» Work task: The reply should contain all the data below, repeated exactly, and none of the images.

» Exercise data:
[Start of Attachment]

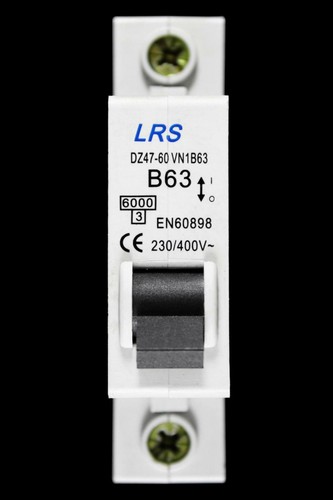 LRS 63 AMP CURVE B 6kA MCB CIRCUIT BREAKER DZ47-60 VN1B63 - Picture 1 of 7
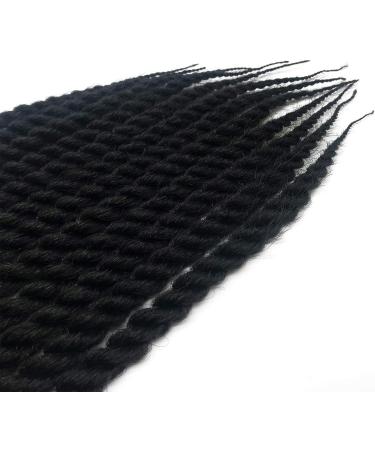 Coolbers 12 Inch Black Havana Mambo Twist Braids Crochet Hair Extensions Synthetic Crochet Braids 12 Roots Jumbo Twist Braids for Women (12 Inch 1B) 12 Inch #1B - Buy Online on GoSupps.com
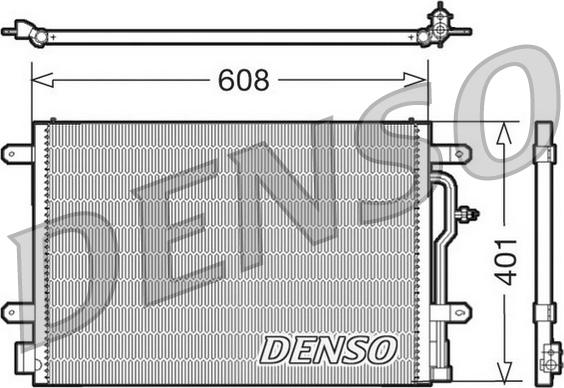 Denso DCN02012 - Конденсатор, кондиціонер autocars.com.ua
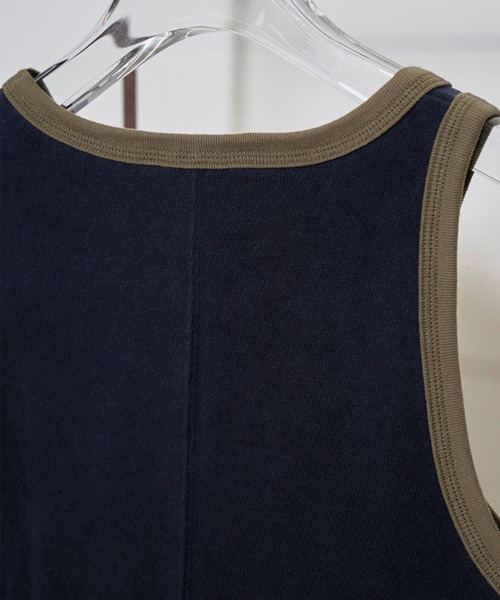 TODAYFUL(トゥデイフル)の「【TODAYFUL/トゥデイフル】Peachbrush Cotton Tanktop/ピーチブラッシュコットンタンクトップ(タンクトップ・レディース・キャメル/ネイビー・FREE)」の8枚目の写真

[End of Attachment]

» Finished exercise:
 LRS 63 AMP CURVE B 6kA MCB CIRCUIT BREAKER DZ47-60 VN1B63 - Picture 1 of 7
 Coolbers 12 Inch Black Havana Mambo Twist Braids Crochet Hair Extensions Synthetic Crochet Braids 12 Roots Jumbo Twist Braids for Women (12 Inch 1B) 12 Inch #1B - Buy Online on GoSupps.com
 Denso DCN02012 - Конденсатор, кондиціонер autocars.com.ua
 TODAYFUL(トゥデイフル)の「【TODAYFUL/トゥデイフル】Peachbrush Cotton Tanktop/ピーチブラッシュコットンタンクトップ(タンクトップ・レディース・キャメル/ネイビー・FREE)」の8枚目の写真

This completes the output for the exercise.